* **Provided material**:

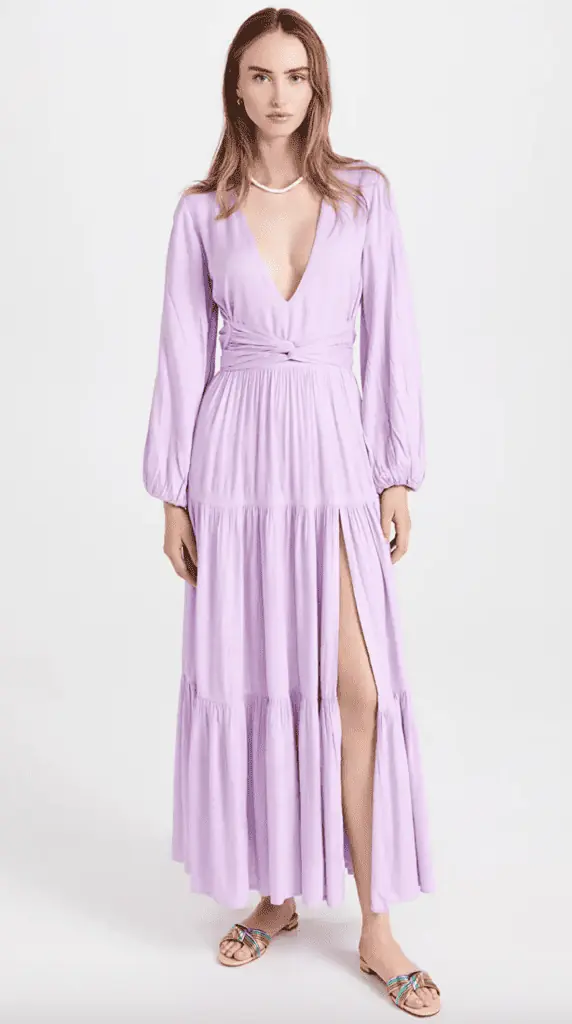 Madison LeCroy's Purple Long Sleeve Maxi Dress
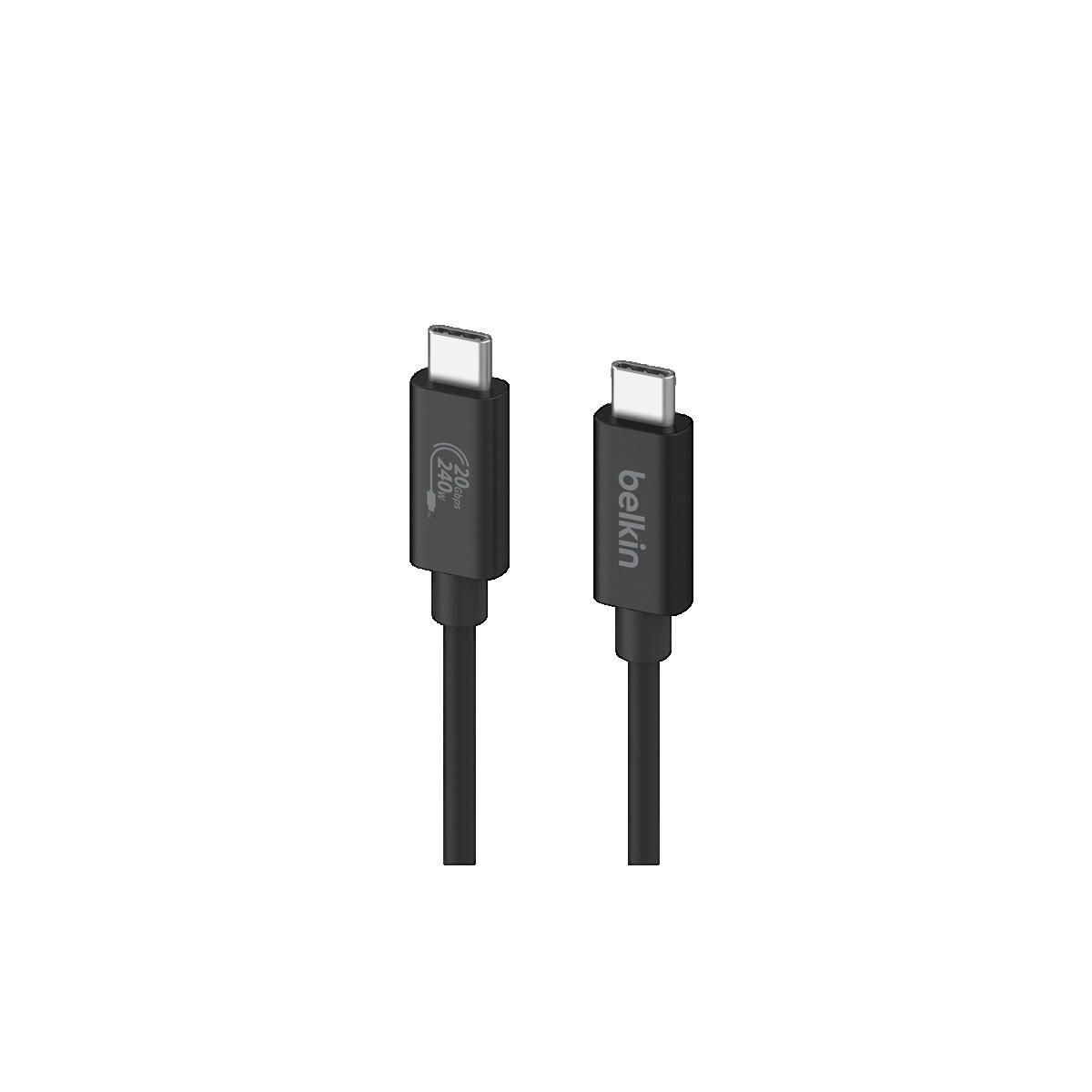 Belkin Câble USB4 Belkin 2 mètres Noir USB-C vers USB-C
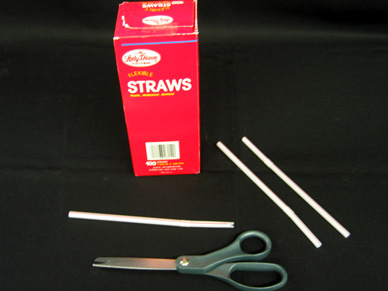 Soda straws, scissors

* **What the task asks**: Once the line with "Belkin Câble USB4" is found, output it and every line after it through the end of the listing, exactly, without pictures.

* **Output of the task**:
 Belkin Câble USB4 Belkin 2 mètres Noir USB-C vers USB-C
 Soda straws, scissors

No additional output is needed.